You're in luck - it's the larder, and you're starving. Despite the house appearing to be abandoned for several centuries, all the food is incredibly fresh. You find what appears to be an inventory list. Despite its weathered appearance - indeed, most of it crumbled by your touch - it seems to be up to date.
| item | amount |
|---|---|
| caviar | 10 jars |
| bread | 5 loaves |
| lettuce | 3 heads |
| coffee | 5 lbs |
| flour | 10 lbs |
| brandy | 2 liters |
Are these data tidy?
→ ROOM 3
Having eaten a questionable but filling meal in the larder, you head upstairs. In the hallway you find a brass telescope on a tripod. Curiously, the feet of the tripod are screwed into the floor, but the telescope can move freely on the mount. You determine the reason: on the window, in unsteady black marker, regions are circled (and named) such that when you peer through them with the telescope, you peer directly into each of the neighboring home's windows. Your unease and puzzlement is resolved when an young tabby hops into the region encircled by 'skipper'. Indeed, taped on the wall is a small chart:
| name | age | orange | tuxedo | hairless |
|---|---|---|---|---|
| rex | 3 | x | ||
| peridot | 7 | x | ||
| skipper | 2 | x | ||
| her majesty | 10 | x |
Are these data tidy?
→ ROOM 4
Having made your acquaintance with each of the neighborhood cats (giving - and sometimes receiving - a slow blink somewhat analogous to a handshake), you make your way to the room at the end of the hallway, taking a small detour only to steal some pillows from the bedroom along the way.

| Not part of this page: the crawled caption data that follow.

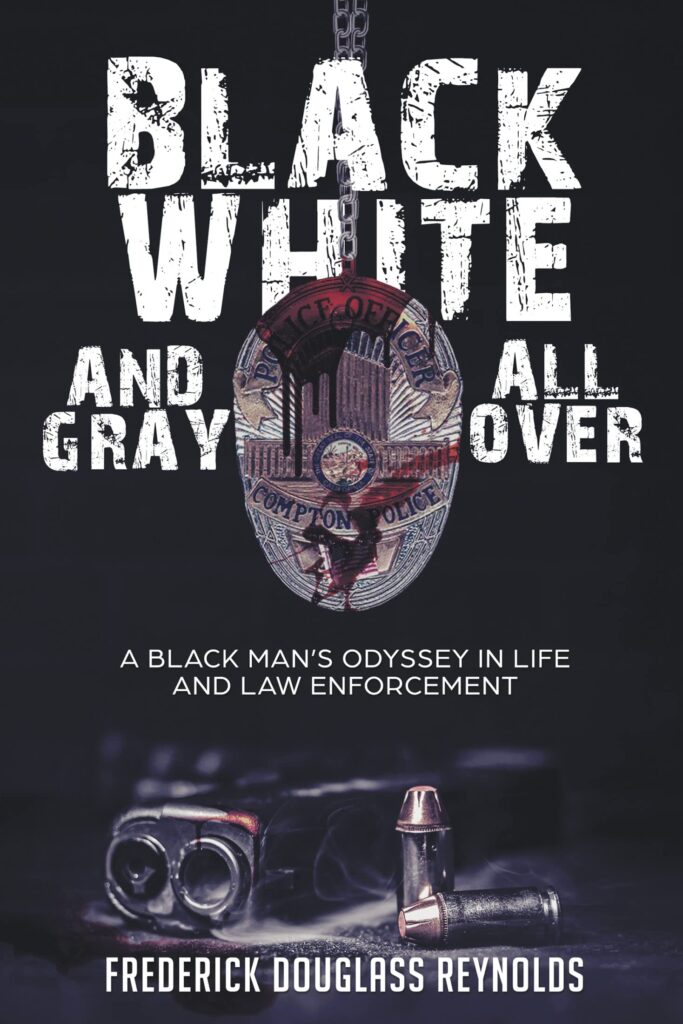Black White and Gray All Over book cover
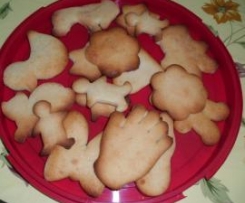 biscotti di pasta frolla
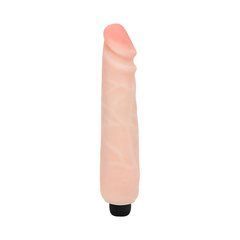 Реалістичний вібратор Вaile Flexible Vibrator 6603BW0007 тілесний 22,5 см - основне фото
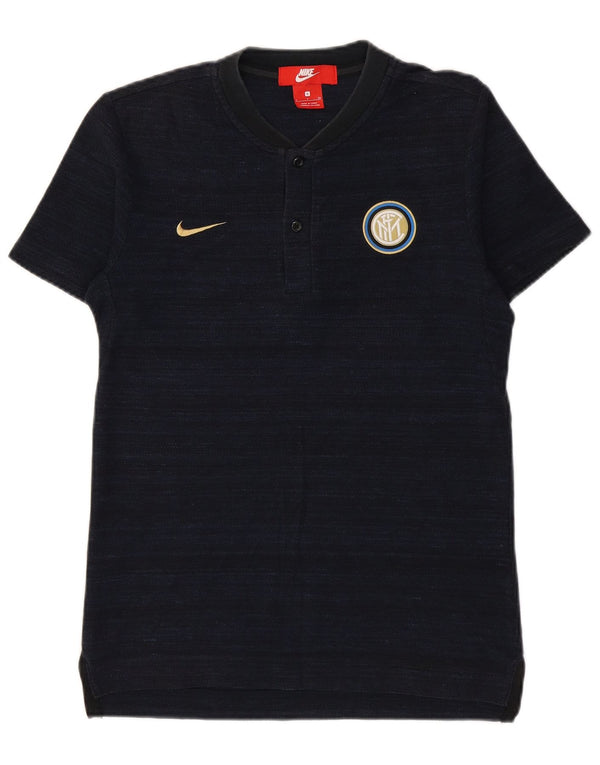 Nike Mens Inter Milan T-Shirt Top Small Navy Blue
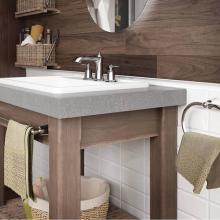 Kalia BF1484-110 - RUSTIK™ Widespread Lavatory Faucet Without Drain Chrome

You make your way into an office. A solid, ornately carved wooden desk guards a plush leather chair. Atop the desk, papers still lay strewn, as though the person who put them there expected to come back only moments later. A fountain pen lay across the pages, ink having long since dried from the pen.
After briefly flicking though the papers on the desk, you find it includes doctors notes for several patients. You piece together some data from the patients into a more cohesive table:
| name | dob | rx 1 date | rx 1 name | rx 2 date | treat 2 name |
|---|---|---|---|---|---|
| Dudley, Hanch | 1000-12-40 | 2010-03-09 | metalinoclax | 2010-12-19 | halibraethe |
| Truck, Mike | 2004-10-10 | 2016-07-19 | glibosimet | NA | |
| Dugnut, Bobson | 1445-09-13 | 2018-09-03 | NA | NA | |
| McDichael, Sleve | 2007-01-13 | 2022-10-30 | quxitomab | 2024-01-13 | halibraethe |
Are these data tidy?
→ ROOM 5
You make your way back down to the fireplace, the air warm and admixed with the crackle of firewood and a recently deceased ladder. As you drift to sleep in a nest made of stolen bedding (steeling your mind for tomorrow's journey), you wonder a final question:
If any of these data were not tidy, what would they look like tidy?